The ability to translate the TMJ is easily assessed before induction. The patient is simply asked to place the mandibular incisors (bottom teeth) in front of the maxillary incisors (upper teeth). Inability to perform this simple task usually results from one of two sources. First, the TMJ may not glide, predicting DI.⁴⁹ Second, some patients find it difficult to coordinate the maneuver, in which case there is no implication for DI.

The upper lip bite test was proposed as a modification of the TMJ displacement test.⁵⁰ The upper lip bite test is performed by asking the patient to move the mandibular incisors as high on the upper lip as possible. The maneuver is similar to biting the lip. Contact of the teeth above or on the vermilion border is thought to predict adequate laryngoscopic views. Inability to touch the vermilion boarder with the mandibular teeth is thought to predict poor laryngoscopic views. Both the TMJ translation test and the upper lip bite test assess TMJ glide, which is an important consideration during laryngoscopy. Khan and coworkers confirmed the predictive importance of this maneuver.⁵¹ Table 9-1 summarizes a quick, easy, bedside scheme for predicting DI.

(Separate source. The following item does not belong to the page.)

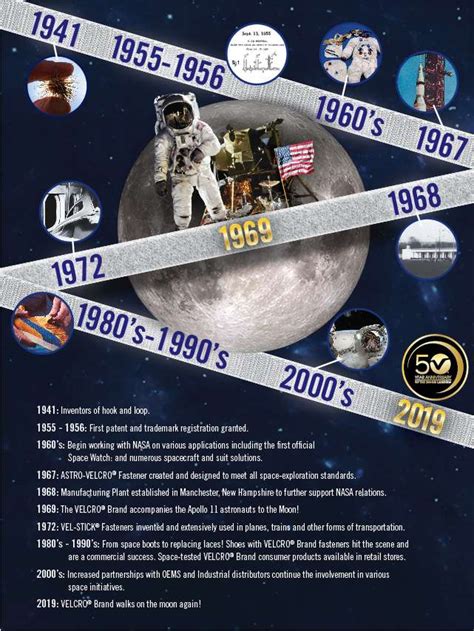 Moon Landing Timeline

TABLE 9-1 Generally Accepted Predictors of Difficult Intubation

Criterion	Suggestion of Difficult Intubation
History of difficult intubation	Positive history
Length of upper incisors	Relatively long
Interincisor distance	Less than two finger breadths (<3 cm)
Overbite	Maxillary incisors override mandibular incisors
Temporomandibular joint translation	Inability to extend mandibular incisors anterior to maxillary incisors
Mandibular space	Small, indurated, encroached upon by mass
Cervical vertebral range of motion	Cannot touch chin to chest or cannot extend neck
Thyromental distance	Less than three finger breadths (<6 cm)
Mallampati-Samsoon classification	Mallampati III/Samsoon IV—relatively large tongue: uvula not visible
Neck	Short, thick

Adapted from American Society of Anesthesiologists Task Force on Difficult Airway Management: Practice guidelines for management of the difficult airway: An updated report. Anesthesiology 98:1269, 2003.

IV Special Situations

A Morbid Obesity

The Centers for Disease Control and Prevention (CDC) defines morbid obesity (MO) in terms of body mass index (BMI). BMI is calculated as a ratio between weight in kilograms and height in meters squared:

A BMI of 20 to 25 kg/m² is normal, 25 to 30 kg/m² is overweight, 30 to 40 kg/m² is obese, and greater than 40 kg/m² indicates MO. Other definitions of MO have fallen into disfavor.

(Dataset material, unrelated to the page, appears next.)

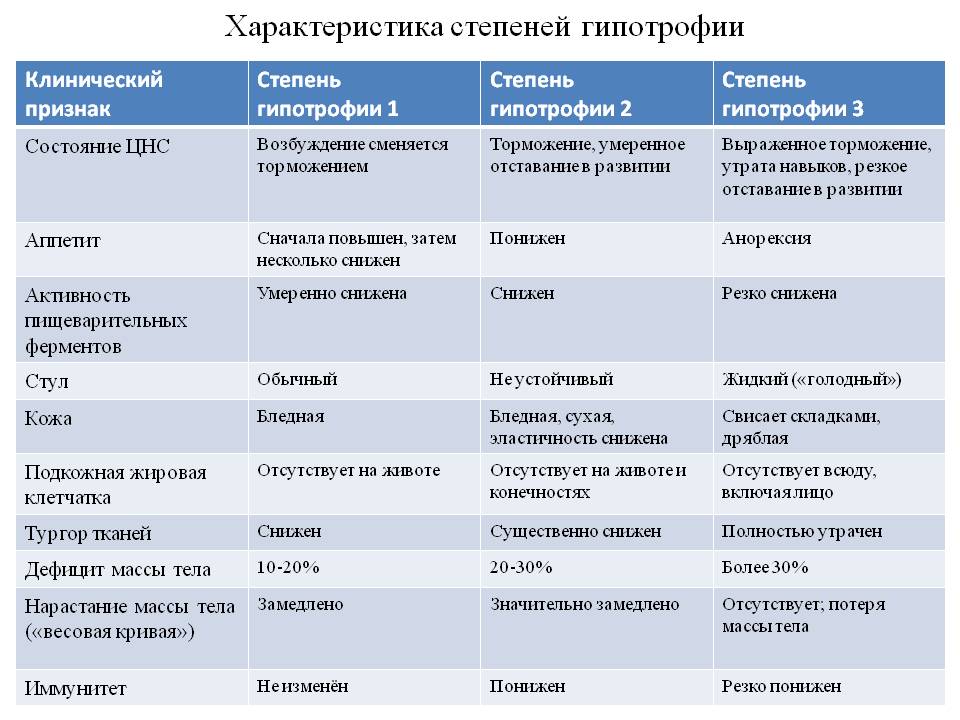 Белково-энергетическая недостаточность - симптомы болезни, профилактика и лечение белково-энергетической недостаточности, причины заболевания и его диагностика на eurolab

Patients with MO frequently develop upper airway obstruction, which may present as OSA. During normal inspiration, the diaphragm descends and the chest wall expands, resulting in creation of negative intrathoracic pressure (subatmospheric pressure). Negative intrathoracic pressure is transmitted along the entire airway, including the upper airway. Soft tissues are drawn into the airway as if it were imploding. Under normal circumstances, obstruction is prevented by contraction of three sets of dilator muscles. The tensor palatini prevents airway obstruction by the soft palate at the nasopharynx. The genioglossus pulls the tongue anteriorly to open the oropharynx. The hyoid muscles pull the epiglottis forward and upward to prevent obstruction at the laryngopharynx. In healthy young patients, these muscles prevent obstruction during sleep. As patients age, the dilator muscles become less efficacious and there is a tendency for partial obstruction to occur.

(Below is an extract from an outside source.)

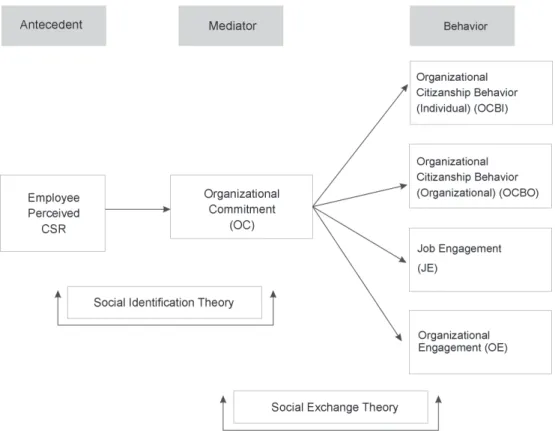 Figure 1. Research Framework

In patients with MO, adipose tissue deposits in the lateral pharyngeal walls. These deposits are not fixed to bone and are highly mobile. They protrude into the airway, narrowing it, and are drawn farther into the airway during periods of negative airway pressure, such as during inspiration. In these ways, reduced dilator muscle function or pharyngeal adipose depositions predispose to OSA. (See Chapter 43 for further details.)

Clinically, OSA is implied by a history of heavy snoring, daytime somnolence, impaired memory, inability to concentrate, and frequent accidents. Associated findings include hypoxemia, polycythemia, systemic hypertension, pulmonary hypertension, and hypercarbia. Definitive diagnosis is made by polysomnography in sleep laboratories. During sleep, patients with OSA experience at least five episodes per hour of apnea lasting 10 seconds or longer or at least 15 episodes per hour of hypopnea (50% decrease in airflow). Both hypopnea and apnea are frequently associated with decreases in pulse oximetry of 4% or more. Risk factors for OSA are male gender, middle age or older, obesity, evening alcohol consumption, and drug-induced sleep.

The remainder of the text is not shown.